En décembre 2025, des vidéos sur TikTok accusent les mobilisations d’agriculteurs contre le protocole sanitaire (DNC) et l’accord de libre-échange avec le Mercosur d’être manipulées par des réseaux pro-iraniens et britanniques ultraconservateurs. Des médias fictifs, comme ceux du réseau Storm-1516 affilié à la Russie, diffusent des rumeurs infondées : un prétendu dépeuplement planifié, la dissémination volontaire d’un virus, ou encore la radiation de 70 vétérinaires ayant refusé d’abattre des bêtes. En février 2026, une campagne d’ingérence est observée lors du Salon de l’agriculture avec la création d’un site miroir imitant Franceagricole, relayant de fausses informations comme celle selon laquelle des céréales ukrainiennes de mauvaise qualité seraient à l’origine de la DNC en France. Ces actions visent à semer la confusion et à discréditer les institutions ou les filières ciblées.

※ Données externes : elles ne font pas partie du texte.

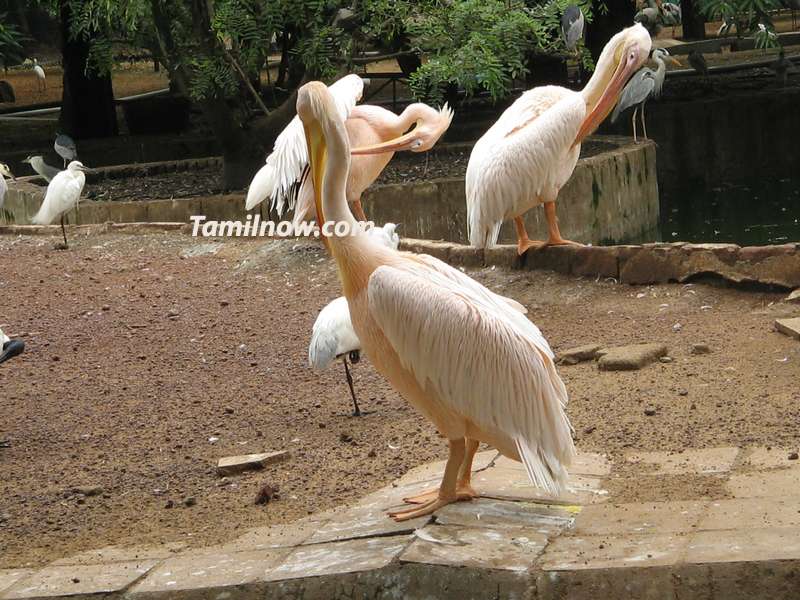 Guindy national park at chennai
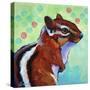 Chipmunk-Corina St. Martin-Stretched Canvas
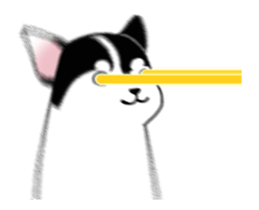 17752355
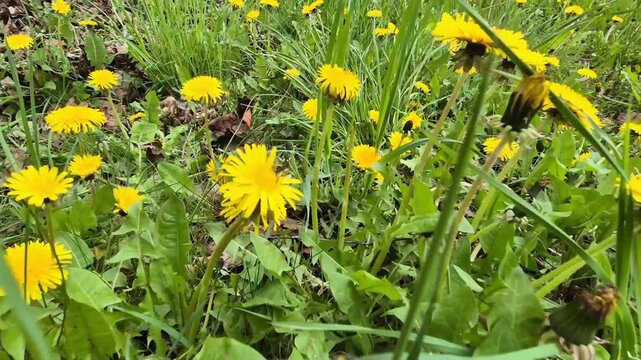 Dandelion field with bright yellow flowers and green grass, camera moving forward through plants in daylight, concept of spring nature and freedom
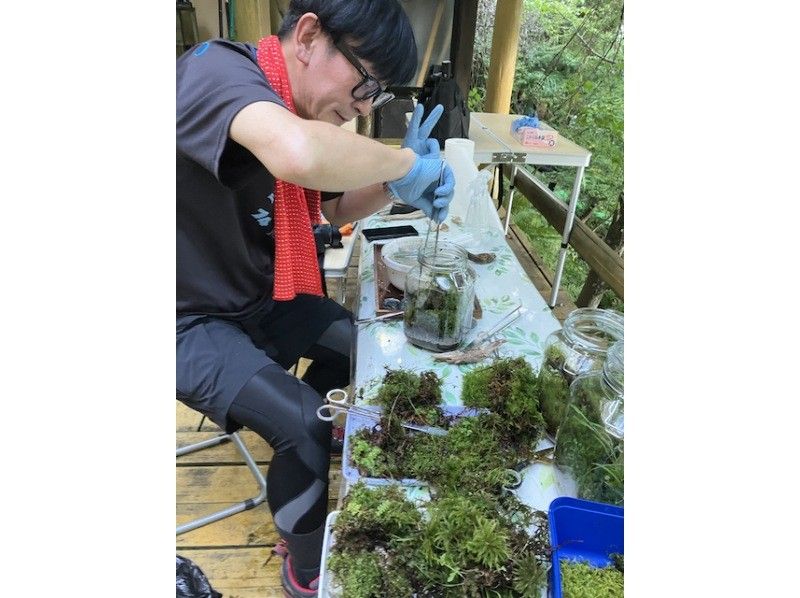(Lake Shirakaba, Nagano Prefecture) Moss terrarium making experience catering!! (On-site workshop) We will bring you moss terrarium making!の紹介画像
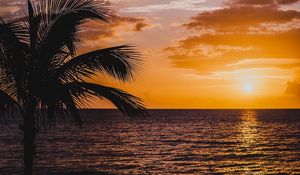 Preview wallpaper palm, sea, sunset, surf, horizon, sky, clouds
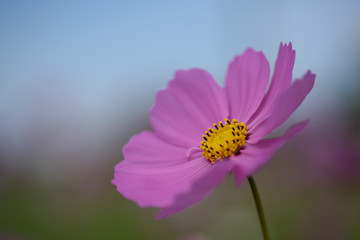 Obraz premium コスモス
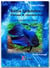 Betta Splendens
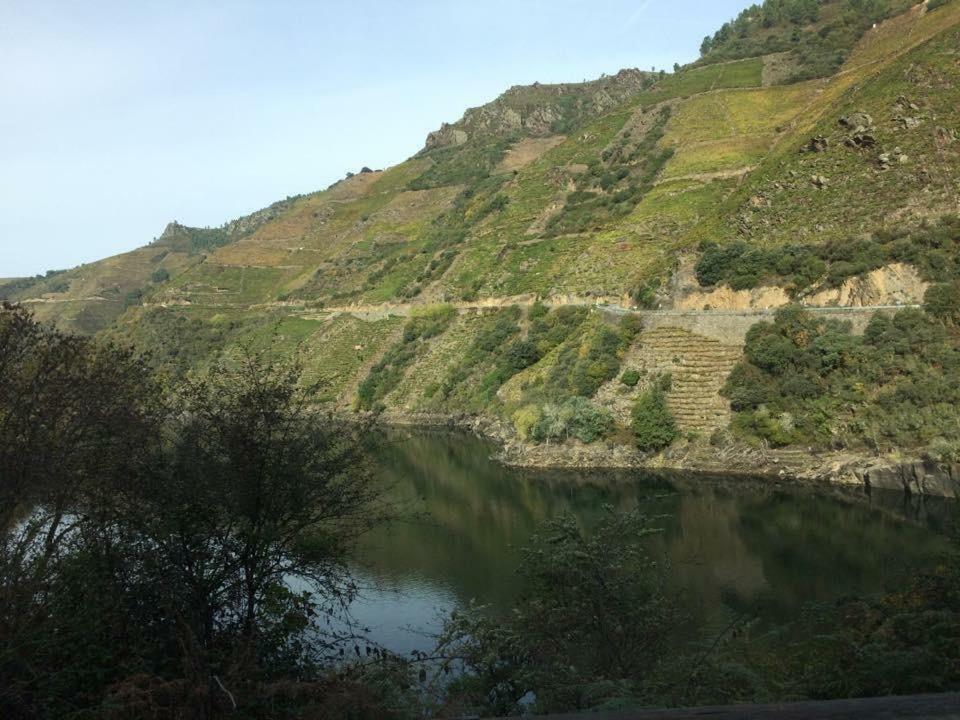 Acogedor Apartamento Ribeira Sacra Monforte De Lemos Buitenkant foto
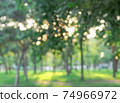 Defocused bokeh blurred background of green trees and grassland the sunlight in the evening day 74966972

Les entreprises du secteur agroalimentaire sont aussi victimes de désinformation. En décembre 2022, l’entreprise Bonduelle est accusée sur les réseaux sociaux d’avoir livré des boîtes de conserve à des militaires russes en Ukraine, accompagnées d’un message de soutien. Cette fausse information, démentie par l’entreprise, visait à discréditer Bonduelle pour sa décision de rester en Russie après le début de la guerre. En 2024, une autre campagne cible Cristaline : des vidéos sur Facebook et TikTok accusent l’eau en bouteille de la marque d’avoir causé la mort d’un enfant de trois ans à Mayotte, mort du choléra. L’Agence régionale de santé (ARS) de Mayotte publie un communiqué pour démentir ces allégations. Ces exemples montrent que les entreprises, comme les filières agricoles, sont particulièrement vulnérables aux attaques sur leur réputation, d’autant que ces secteurs sont souvent sensibles aux crises de confiance.